Ecclesiastical History has already acquainted us with the device that sets aside the plain meaning of these passages. It is said that Jesus Christ had _two natures_, was composed of two minds, that he was both man and God; and thus does Trinitarianism openly assert mysteries of an opposite character. Three Persons in one Essence is unintelligible enough; but no sooner is this propounded to us, than we are called off to a directly opposite mystery of two Essences in one Person. And here we cannot be put off with the metaphysical sophistry that we do not know the nature of God, for we do know something of the nature of _man_; and we do say that never was there a greater abuse of the moral meanings of the word Faith, than to set forth, that God’s nature and man’s nature so united together as to form one inseparable person, may be embraced as an object of Faith. The true nature and office of Faith is to carry us from the seen to the unseen,—to give us moral confidence in that world which we do not see, from our moral experience in this world which we do see,—and in that portion of God’s ways which the future conceals, from what we know of that portion of them which the present unfolds. Faith is moral, not metaphysical; and, above all, finds no merit and no efficacy in assenting to unmeaning words.
As before, of the doctrine of the Trinity, so now of this doctrine of the Hypostatic Union, as it is called, I ask for a single hint throughout the New Testament of the inconceivable fact that, in the body of Jesus, resided the mind of God and the mind of man,—two natures, the one finite, the other infinite, yet making but one person,—a difficulty you will perceive the very opposite of that of the Trinity; for whereas it teaches three persons in one nature, this teaches two natures in one person. But we have already traced, in Ecclesiastical History, the origin of this view, and the necessity of its appearance, in subservience to the doctrine of the Trinity.

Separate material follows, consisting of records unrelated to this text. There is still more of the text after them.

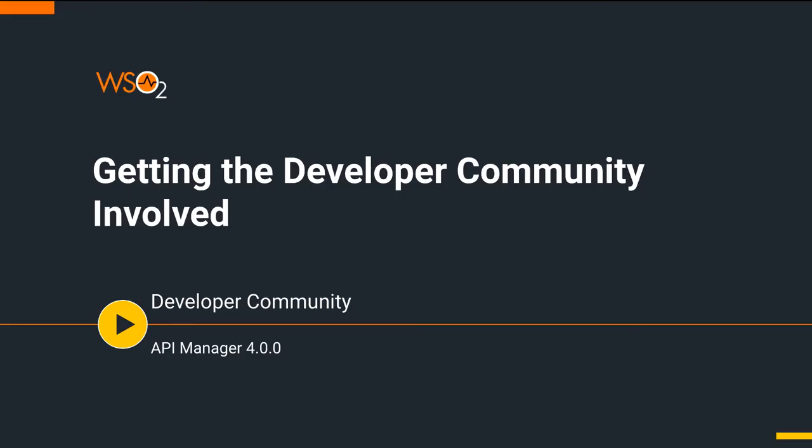Welcome to WSO2 API Manager 4.0 Scenario Tutorials part 6. This is a tutorial that is part of a series and can be used as a standalone tutorial on how to get the developer community involved. For more details on the scenario and general prerequisites, please watch the previous videos on this series. Let's start the tutorial.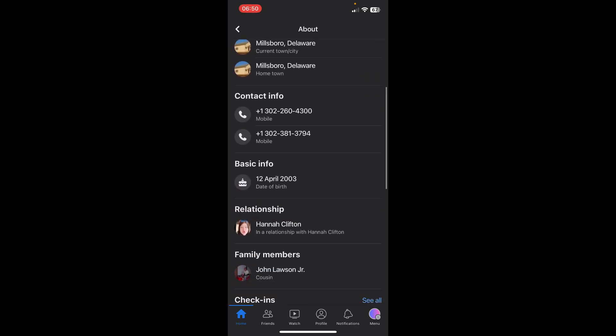Tap on that and scroll down and under basic info, you will find their birthday. I hope you found this video helpful. Thanks for watching.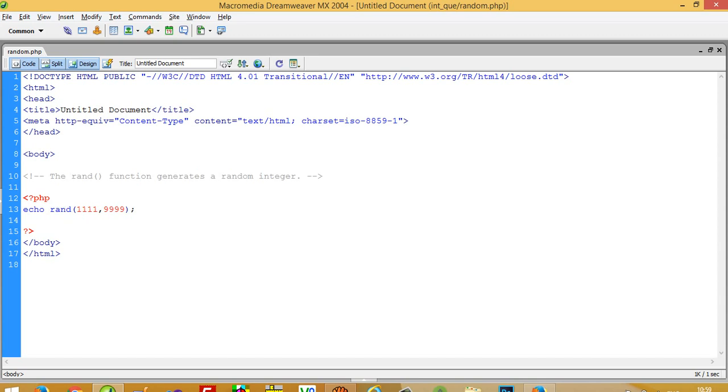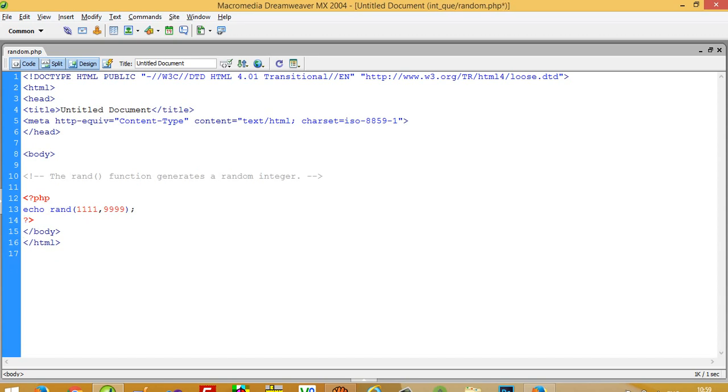So this way you can use the rand function. The rand function is most important. Thank you so much for watching my video. If you like my video, then please share it. Thank you so much.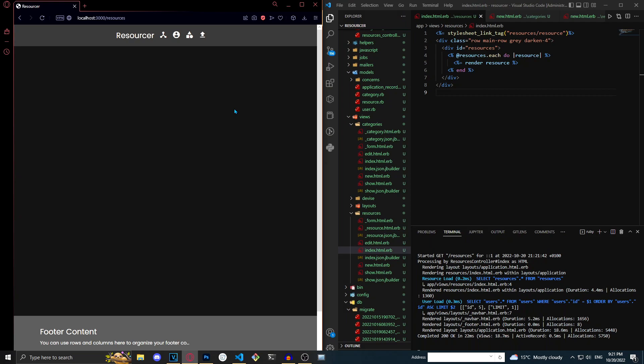Hello everyone and welcome. In this video, I'm going to show you how to make it so that you can upload images to your model and then view those images. We're going to be using Active Storage in this video.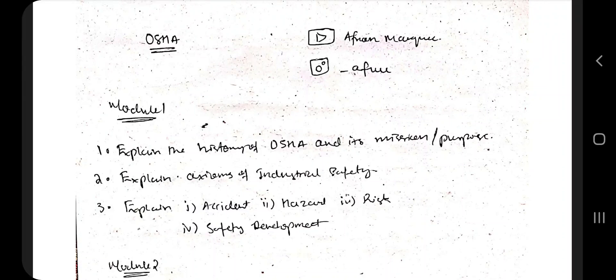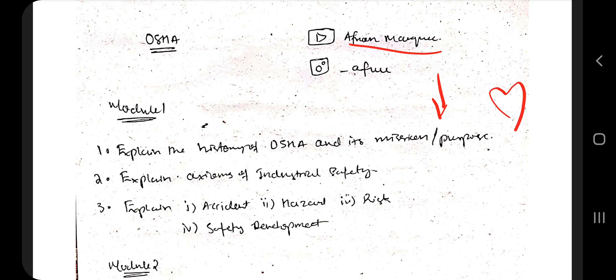Hello everyone. Today in this video we will be discussing the important questions regarding OSHA. From OSHA, only two year papers were available — July 2019 and January 2019. It is the 2015 scheme. What I found is that in those two papers, two or more questions are repeated, so I think those are the important ones. I've listed them here. If you like this, hit the like button and don't forget to subscribe to my channel.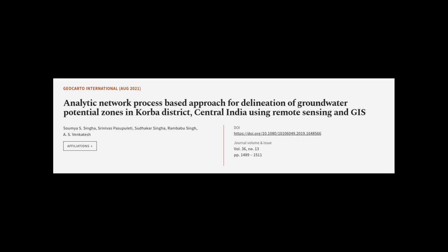This article was authored by Soumya S. Singha, Srinivas Basipaleti, Sudoka Singha, and others.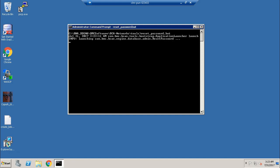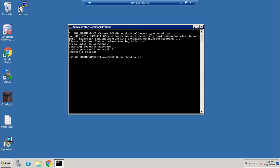The script will reset the sysadmin password and the new password becomes sysadmin. Press Enter to continue. It is updating the sysadmin password. The password is successfully updated.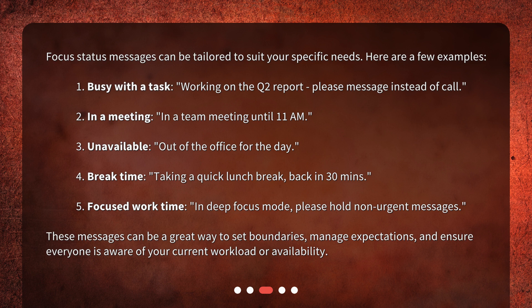2. In a meeting: 'In a team meeting until 11am.' 3. Unavailable: 'Out of the office for the day.' 4. Break time: 'Taking a quick lunch break, back in 30 minutes.' 5. Focused work time: 'In deep focus mode, please hold non-urgent messages.'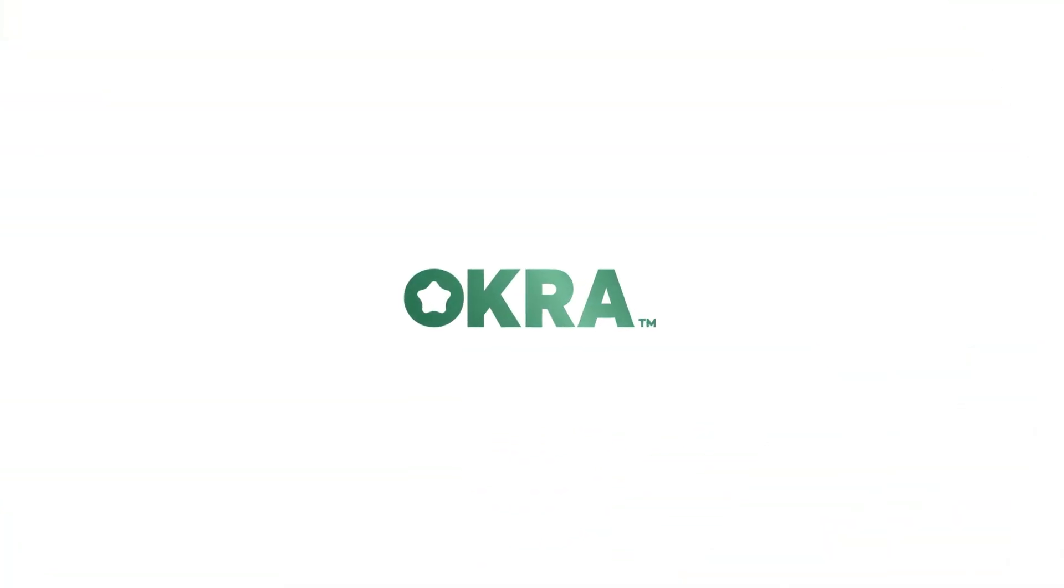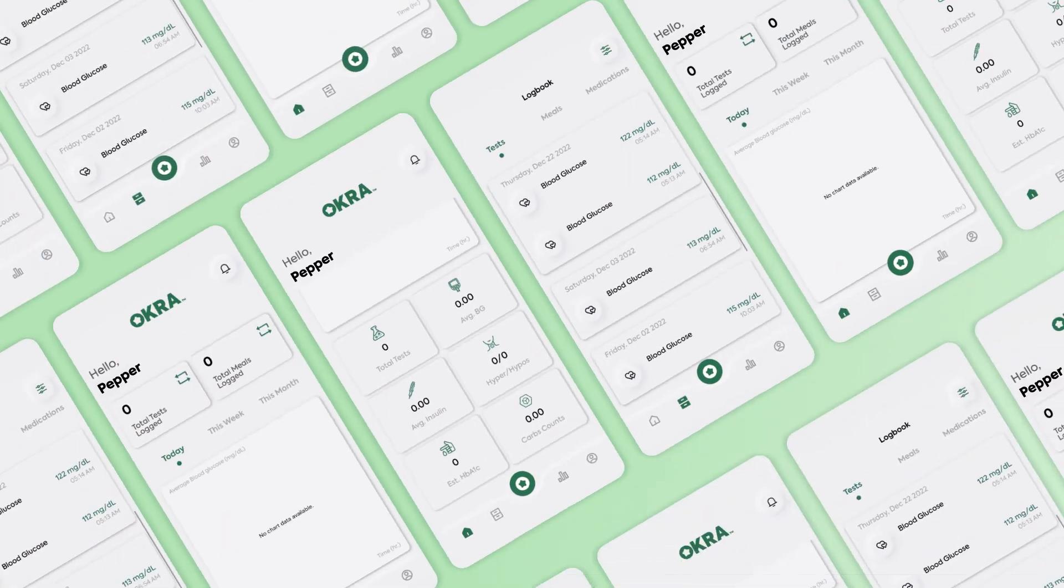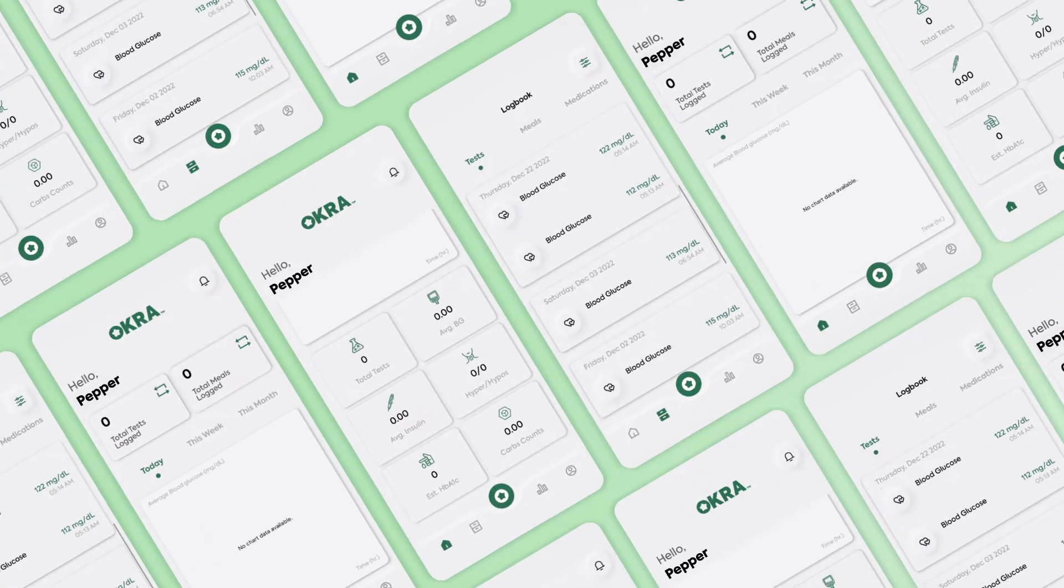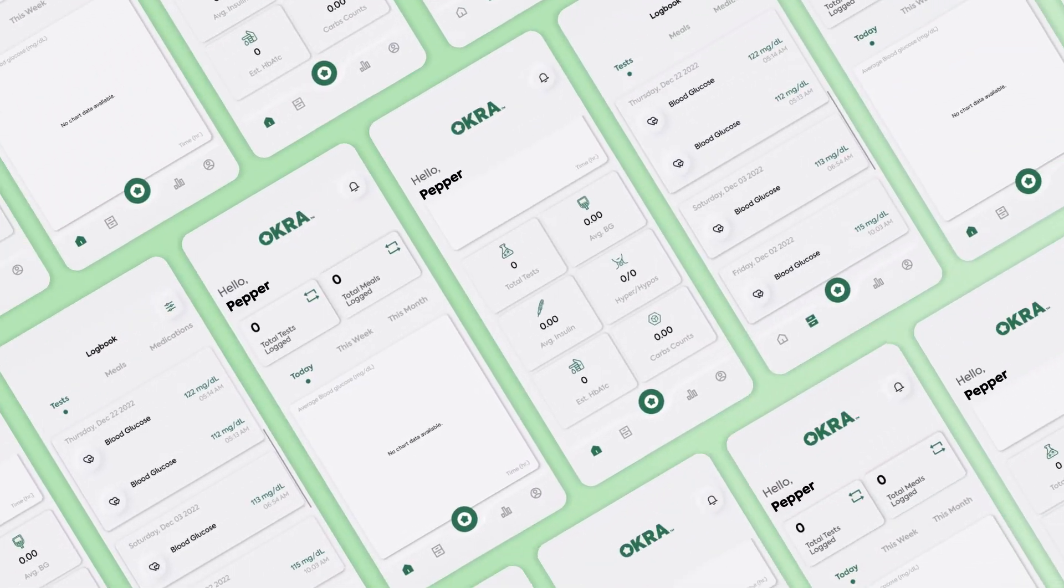Okra Care helps you keep it simple and convenient with the new Okra Pro app. The app is made to log your test results, meals and medication to better manage your diabetes more effectively daily.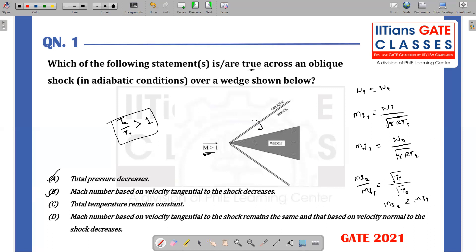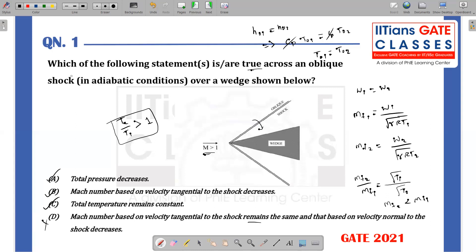Option C states: total temperature remains constant. From the energy balance, H01 = H02, which for a calorically perfect gas gives Cp T01 = Cp T02, so T01 = T02 — total temperature remains constant. This is a true statement. Option D states: Mach number based on velocity tangential to the shock remains the same and that based on velocity normal to the shock decreases. We already showed in option B that the tangential Mach number decreases, so this statement is wrong. Therefore for this question, options A, B, and C are correct. This was a multiple selection question.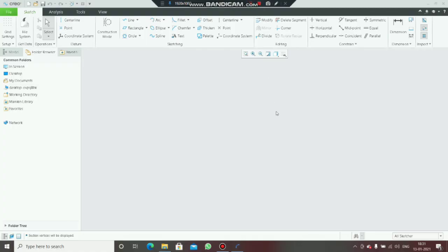Hello guys, welcome to another video. This is the second video of Creo Parametric. In the previous video we learned three commands, and now we are going to learn three more commands. The first one is arc.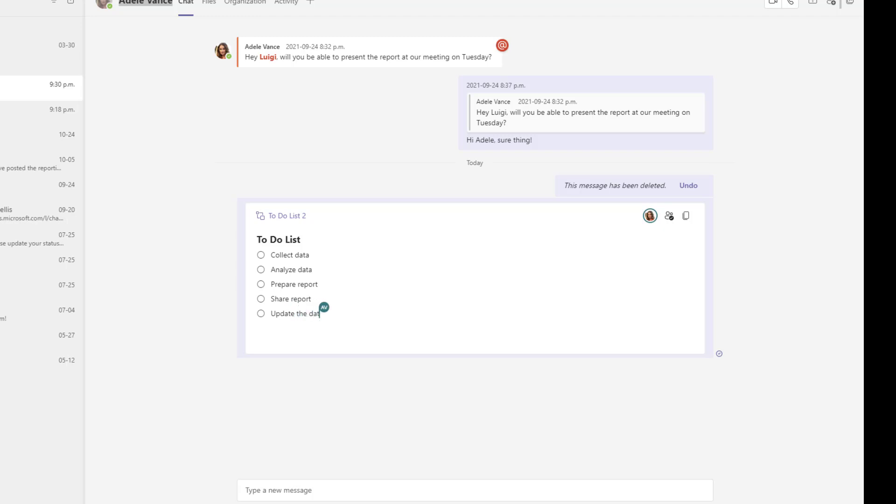And so you can see here that I am impersonating my colleague Adele and you can see as I contribute to this live component you can see the changes in this chat in real time. So it's again allowing you to share content and then be able to actually edit that content dynamically in real time with your colleagues.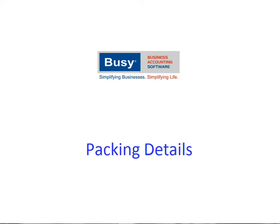Packing Details. This presentation will give you an overview on using packing details feature in Busy. This feature is most useful for transporters wherein they have to maintain the details of the boxes or whatever unit they are using in which they are actually packing the goods.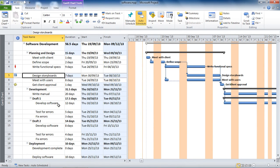Hello and welcome to another video tutorial from computergaga.com. In this tutorial we will look at the change cell highlighting feature in Project 2010, which was introduced in 2007 and is turned on by default.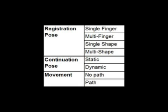Registration pose is classified as single-finger, multi-finger, single-shape, or multi-shape. Continuation pose classifies whether the user's contacts move relative to each other, or registration with the surface changes. Gestures may be static or dynamic. Movement classifies whether the hand moves as a whole. Gestures are either no-path or path.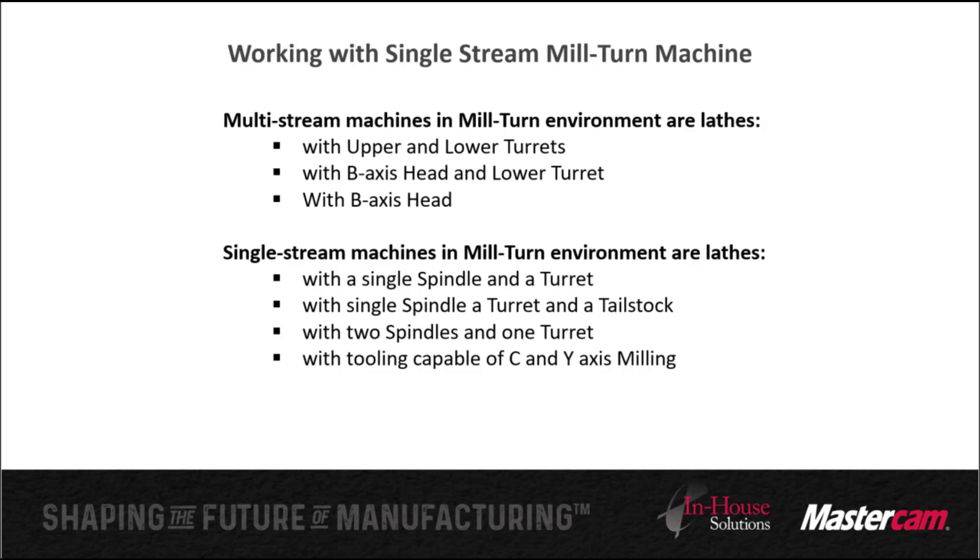Single stream machines in mill-turned environment are lathes with a single spindle and a turret, with single spindle, a turret and a tailstock, with two spindles and one turret, or with tooling capable of C and Y axis milling.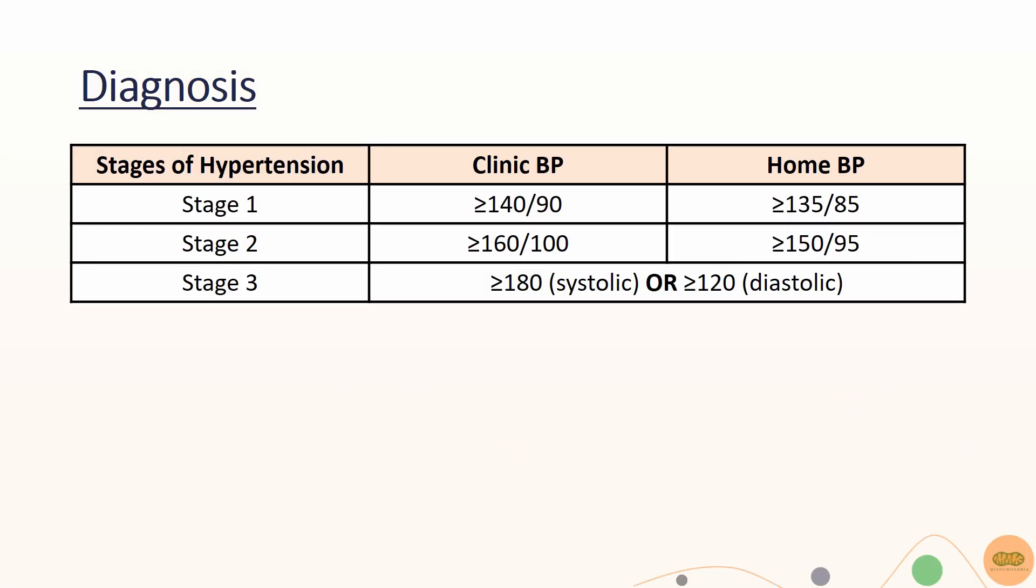Diagnosis of hypertension can be divided into stages. Stage 1 hypertension is when blood pressure is between 140 over 90 and 160 over 100. Stage 2 is a blood pressure of 160 over 100 and 180 over 120. Anything higher than 180 over 120 is stage 3 hypertension.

I will only apply one scriptural test to this theory of the two natures in Christ. And it is one from which Trinitarians cannot escape by their ordinary refuge of avoiding one set of statements by referring them to the humanity of Jesus, and another set of statements by referring them to his deity. It is God the Son, whom Trinitarians represent as becoming incarnate in the body of Jesus; it was God the Son who took humanity into union with deity; therefore whenever Jesus, in his human nature, speaks of the divinity that dwelt within him, inspired him, and wrought through him, it must be God the Son to whom he refers. But this is never the case: Scripture does not know this doctrine, nor support its requisitions. It is always, “_the Father_ who dwelleth in me, He doeth the works.”
It was asserted in Christ Church, that if there is not a plurality of persons in the godhead, the oriental style, “let us make man in our own image,” and the use of the plural where we use the singular, made the word of God an agent of deception, and affected the morality of the divine mind. This is bold language; and, considering the evidence, as unscholarlike as bold. We refrain from a retort in the same spirit. We look with unaffected wonder upon the mind that is reckless enough, and ignorant enough of the sources of error within itself, to dare to say, “if I am not right in my interpretation of Scripture, God is a deceiver.” Yet such men can charge others with making themselves judges of revelation, and saying what God _must_ mean.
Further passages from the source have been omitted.